> **What you have to do**: Would you output the entries below only from the line containing "電流/電圧/周波数キャリブレータ" through the line containing "Kinder haben eine", exactly as they stand and with both ends included?

──────── Provided entries ────────

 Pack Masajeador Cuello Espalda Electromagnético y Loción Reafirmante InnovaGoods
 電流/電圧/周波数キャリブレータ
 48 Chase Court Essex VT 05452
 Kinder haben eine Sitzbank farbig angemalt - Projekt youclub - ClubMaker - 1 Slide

────────
──────── Provided entries ────────

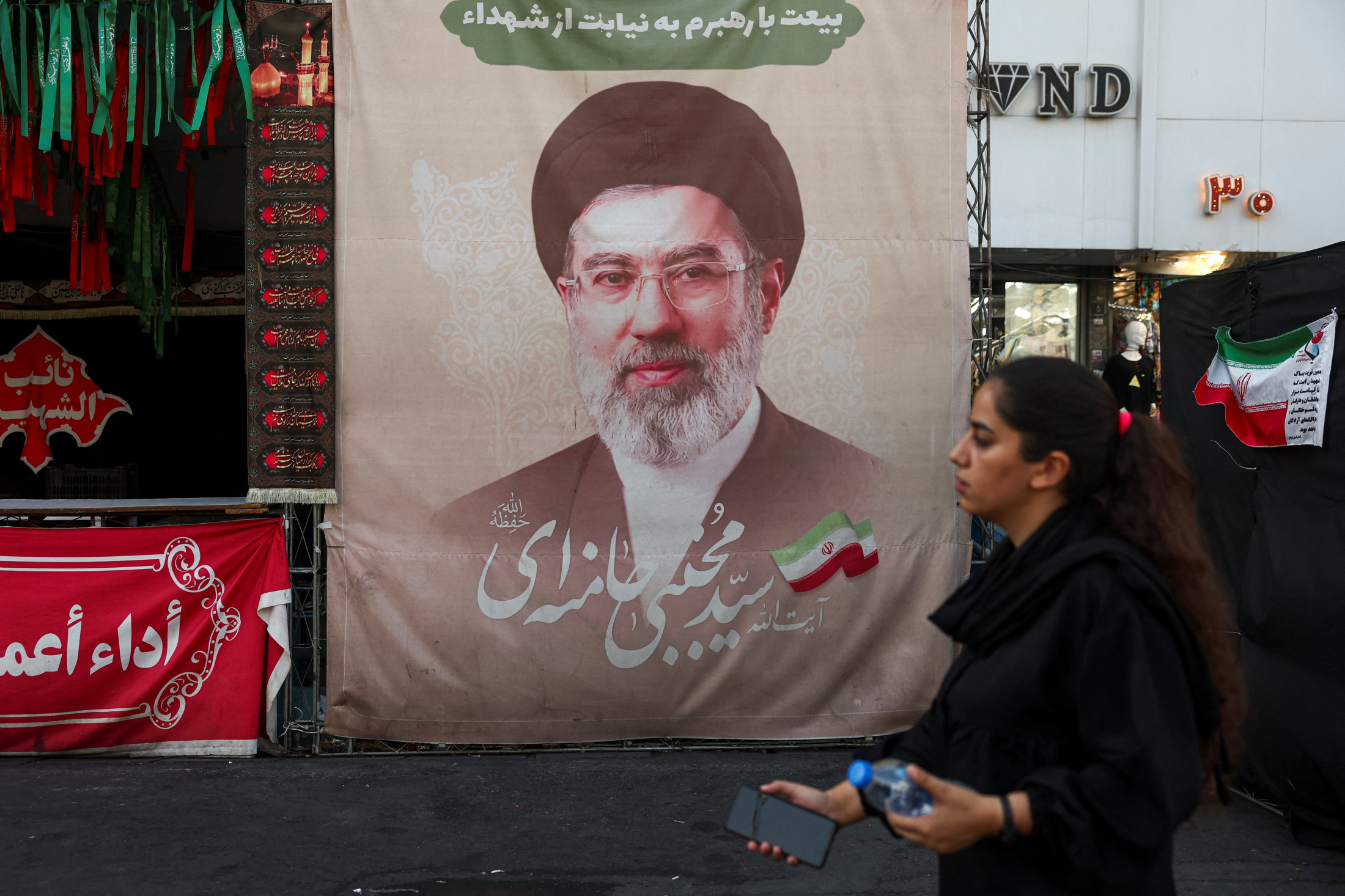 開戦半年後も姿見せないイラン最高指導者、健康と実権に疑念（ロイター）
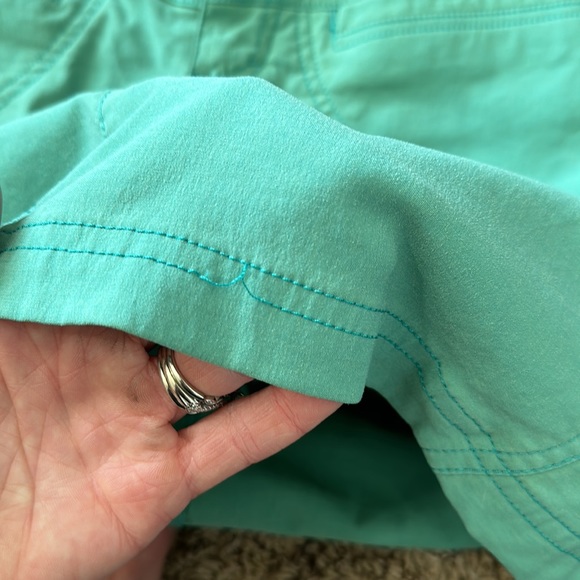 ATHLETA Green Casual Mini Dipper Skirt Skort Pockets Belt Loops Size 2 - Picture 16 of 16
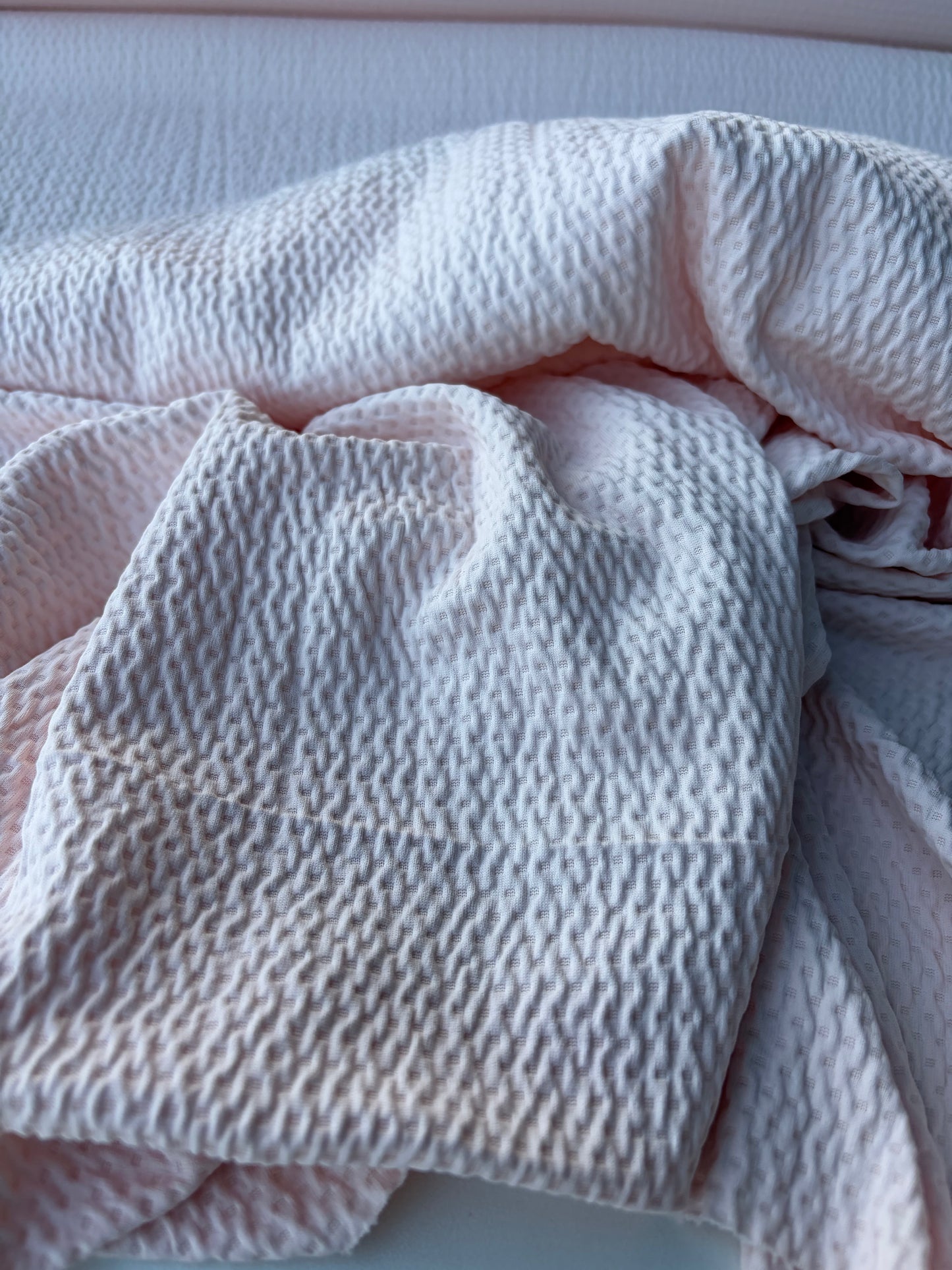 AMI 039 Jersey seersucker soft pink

────────
──────── Provided entries ────────

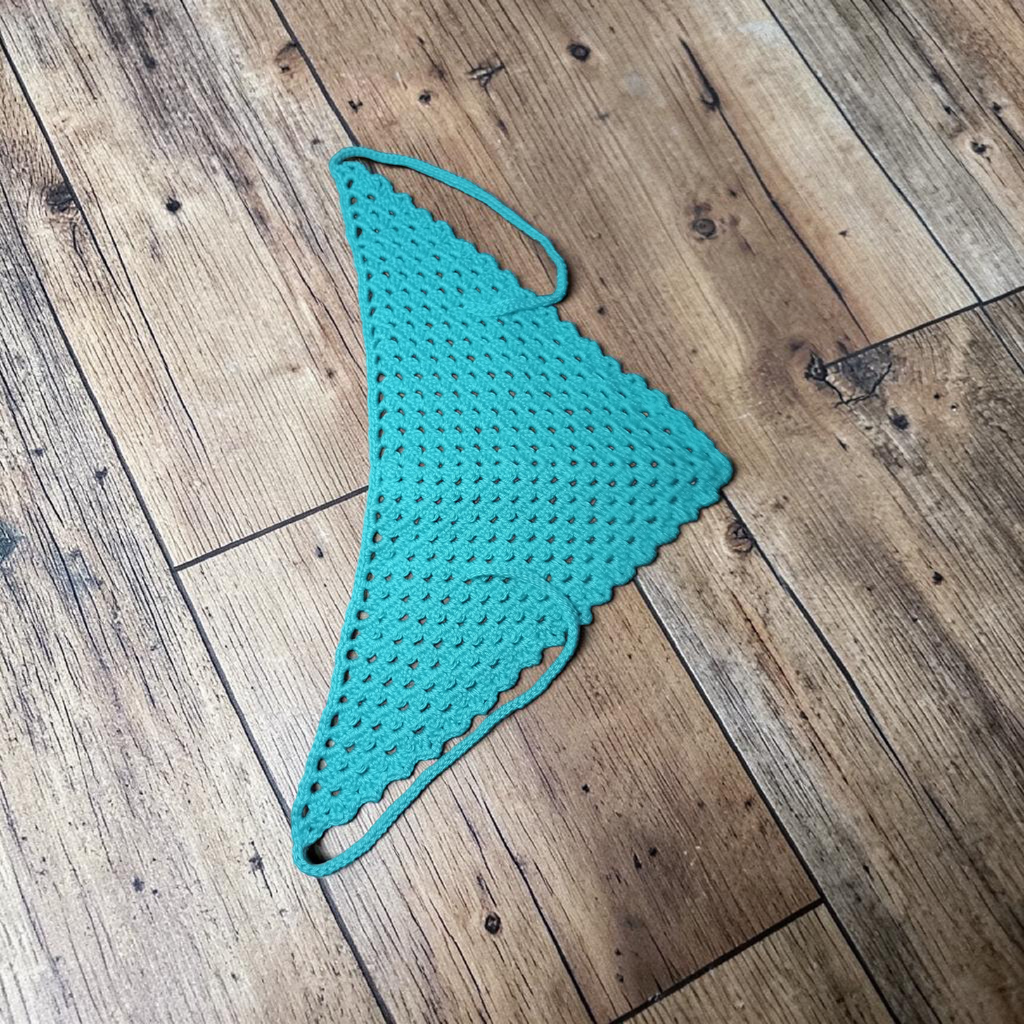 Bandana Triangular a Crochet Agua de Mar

────────

> **Answer for the task**:
 電流/電圧/周波数キャリブレータ
 48 Chase Court Essex VT 05452
 Kinder haben eine Sitzbank farbig angemalt - Projekt youclub - ClubMaker - 1 Slide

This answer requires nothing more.